Binance commingled user funds with corporate funds in 2020 and 2021, Reuters reported on May 23, citing three anonymous insiders. One of the sources claimed that billions of dollars were commingled in Binance’s accounts with Silvergate Bank, with the commingling occurring on an almost daily basis.
Reuters couldn’t verify the total figures, but it reportedly reviewed a bank statement that showed the company mixed $20 million from a corporate account with $15 million from an account that received user funds on Feb. 10, 2021.
Binance’s chief communications officer Patrick Hillmann refuted the claims in the Reuters story, calling it a “conspiracy theory” with “zero evidence.”
In a statement to Reuters, Binance spokesperson Brad Jaffe said:
“These accounts were not used to accept user deposits; they were used to facilitate user purchases [of crypto]. There was no commingling at any time because these are 100% corporate funds.”
Jaffe further explained that when users sent money to the concerned accounts, they were not depositing funds but instead purchasing the BUSD stablecoin from the exchange. This process was “exactly the same thing as buying a product from Amazon,” he added.
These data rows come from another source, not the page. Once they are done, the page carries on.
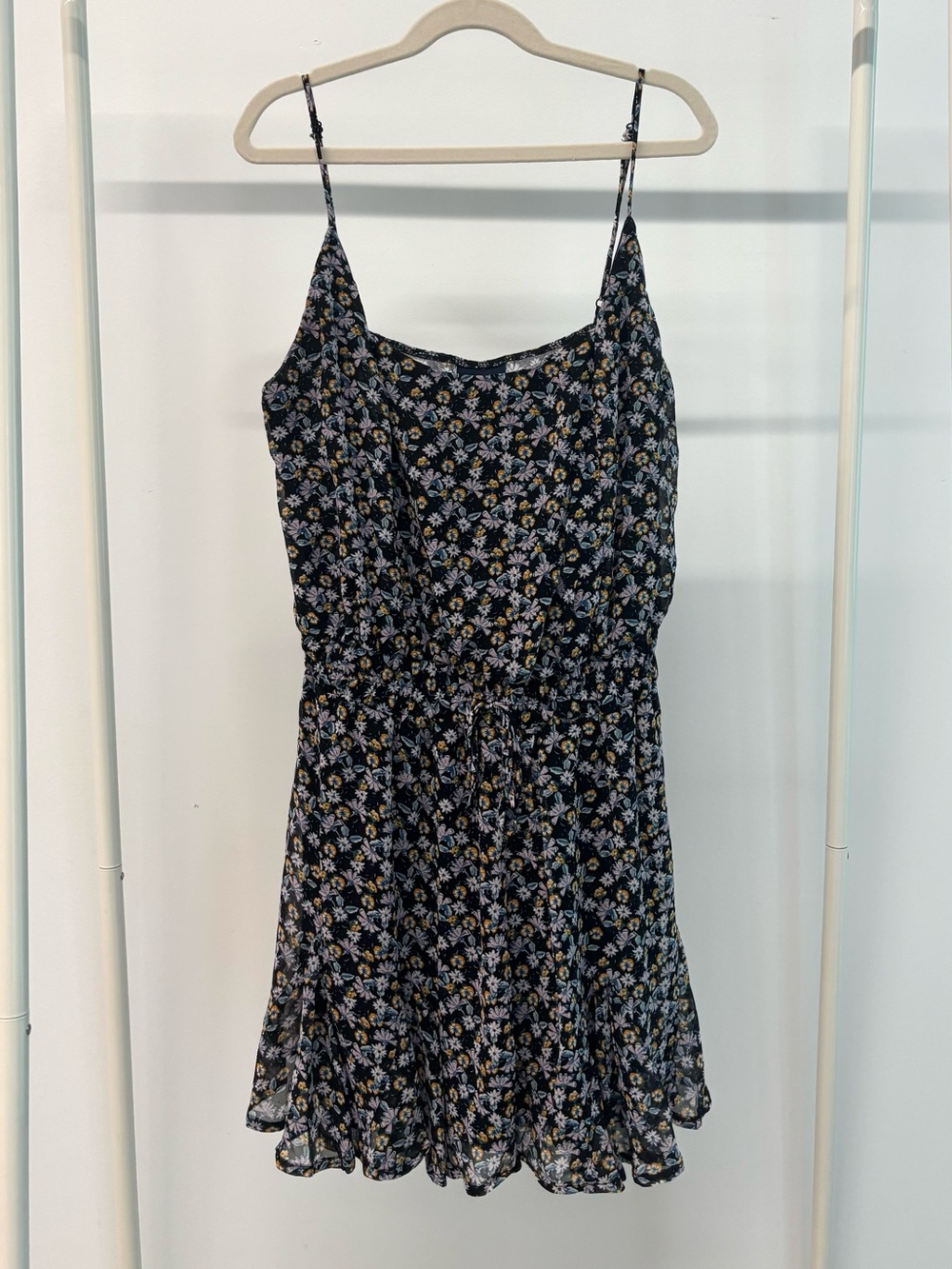 Daytrip (The Buckle)‎ Black Floral Romper with Spaghetti Straps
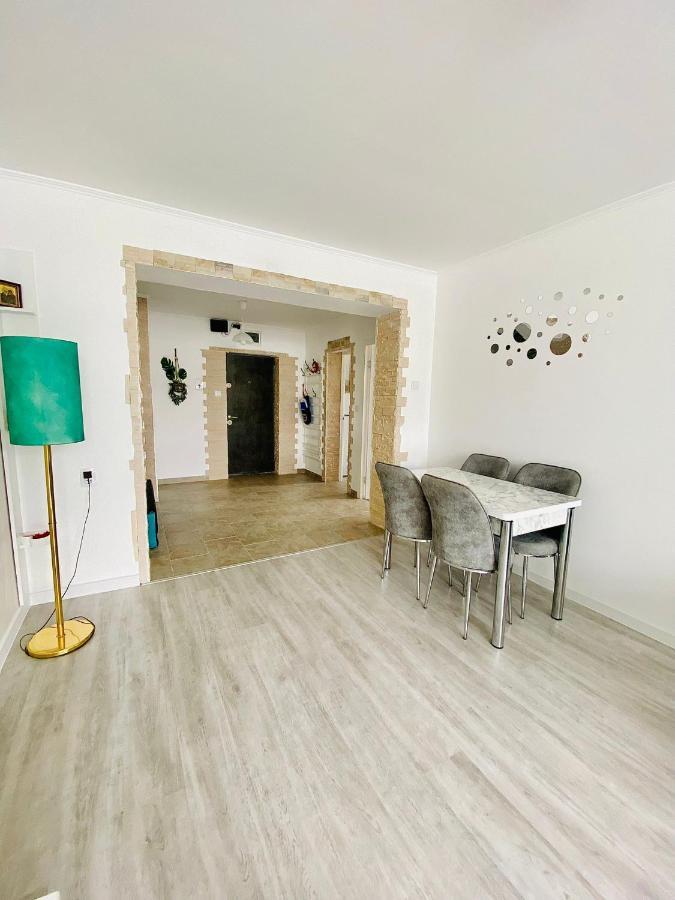 Apartament Tiron In Centru Orasului กูรา ฮูมอรูลุย ภายนอก รูปภาพ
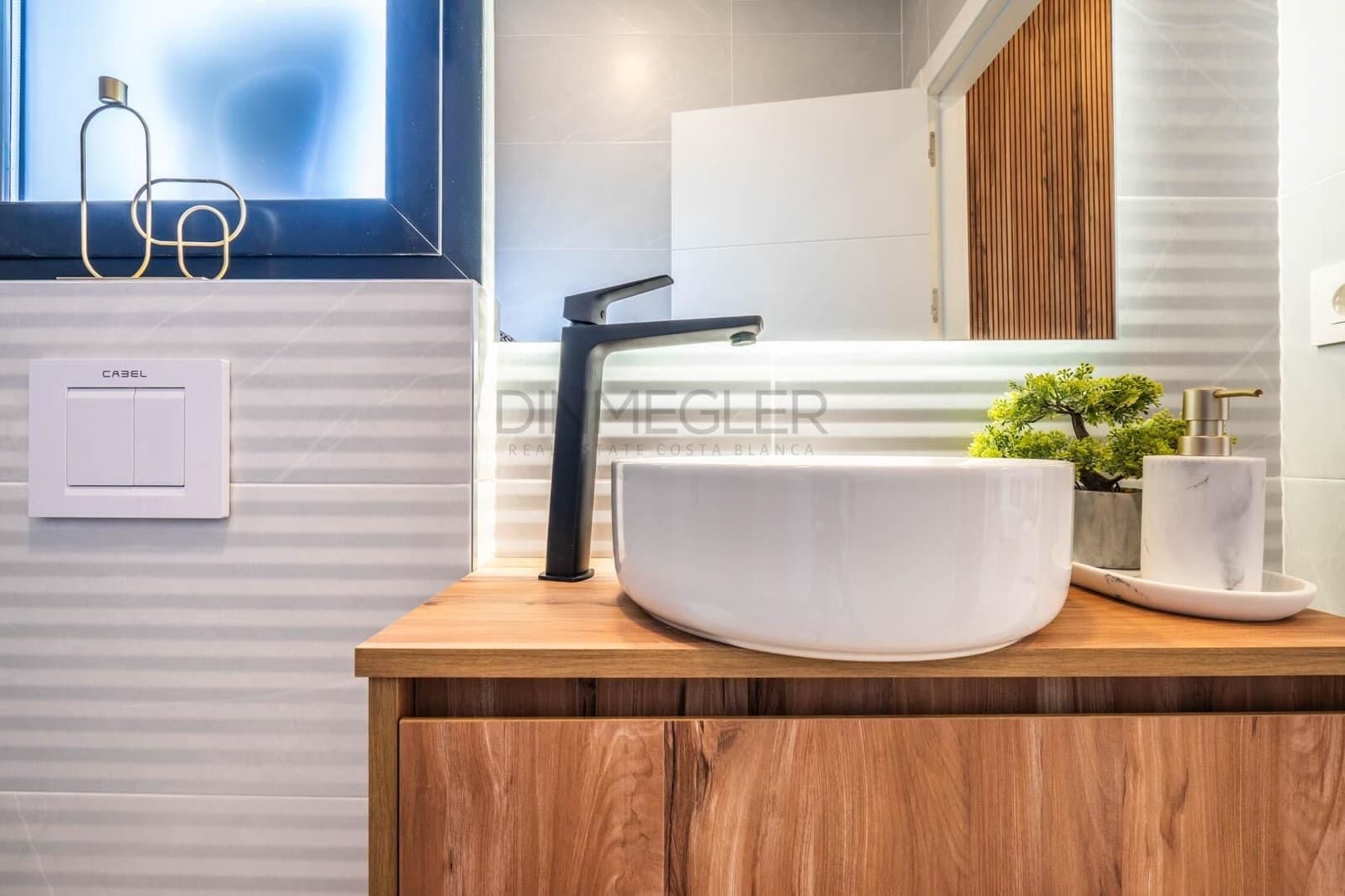 3 soverom Villa til salgs i Roldan med svømmebasseng - € 379 950 (Ref: 9230950)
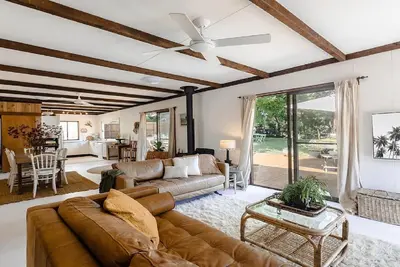 Image de Coastal vintage cottage brimming with character and charm just moments to  beaches, bay and cafes.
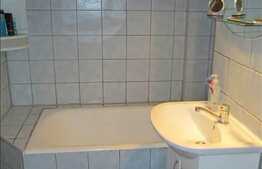 Vanzare apartament 4 camere decomandate, 81 mp utili, balcon, zona Billa!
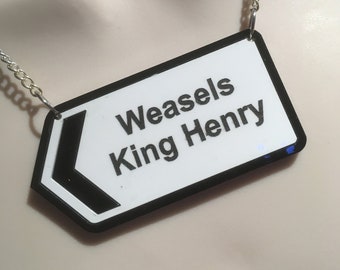 CABIN PRESSURE inspiró el collar de señales de tráfico "Weasles King Henry"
Commingling funds by converting them to crypto
According to documents reviewed by Reuters, Binance’s company revenues went into a Silvergate account held by the exchange’s Cayman Islands holding firm, Binance Holdings. On the other hand, user funds went into a Silvergate account of a Seychelles-based firm called Key Vision Development, controlled by Binance CEO Changpeng Zhao, per the report.
Binance commingled customer funds with company revenue in a third Silvergate account held by a Cayman Islands-based firm controlled by Zhao, the report noted. The funds from this account were converted into BUSD, according to Reuters’ sources. Binance converted $18 billion into BUSD between January 2020 and December 2021, blockchain data shows.
Converting funds to crypto could have potentially allowed Binance to mislead authorities about their tax obligations, the Reuters report said. One of the sources added that Zhao converted the funds to BUSD because he did not trust banks.
The person with group-level knowledge of Binance said there was also another motivation: Zhao distrusted banks over his concern that they could freeze his company’s accounts, he once said in an interview.